La politique de l'équipe de McGurk, qui donne la priorité aux Kurdes et aux chiites, a créé des dynamiques internes à l'Irak, telles que l'insurrection croissante, le manque de stabilité et la fragmentation ainsi que des dynamiques externes, telles que le gouvernement chiite et ses relations étroites avec Téhéran, ainsi que la sensibilité croissante des pays voisins à l'égard d'un État kurde.

Dans une interview publiée dans le Washington Post le 3 novembre 2011, la déclaration de McGurk selon laquelle "l'Iran a certainement une grande influence à Bagdad, mais nous aussi" a révélé son indifférence à l'égard de l'influence iranienne.


- Il a contribué à créer les conditions qui ont donné naissance à Daech

En Irak, le leader chiite Nouri Maliki, soutenu par l'équipe de McGurk, est devenu de plus en plus autoritaire entre 2008 et 2014 et a ramené le pays au régime d'avant Petreaus. L'Irak, marqué par la mise à l'écart des sunnites, est alors plongé dans un chaos politique, économique et social.
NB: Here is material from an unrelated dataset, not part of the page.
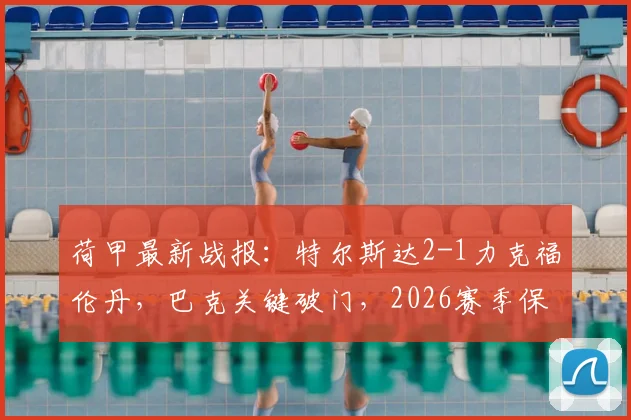 荷甲最新战报:特尔斯达2-1力克福伦丹,巴克关键破门,2026赛季保级形势深度解读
Des attentats à la bombe et des attaques armées sont organisés, faisant 200 morts.

Daech a émergé en 2004 comme l'un des groupes devenus actifs après l'invasion américaine et a déclaré son allégeance à Al-Qaïda.

Rassemblant des partisans parmi les sunnites marginalisés, l'alliance de l'organisation avec des tribus et d'anciens baasistes qui se sont retournés contre le gouvernement Maliki a accéléré sa progression.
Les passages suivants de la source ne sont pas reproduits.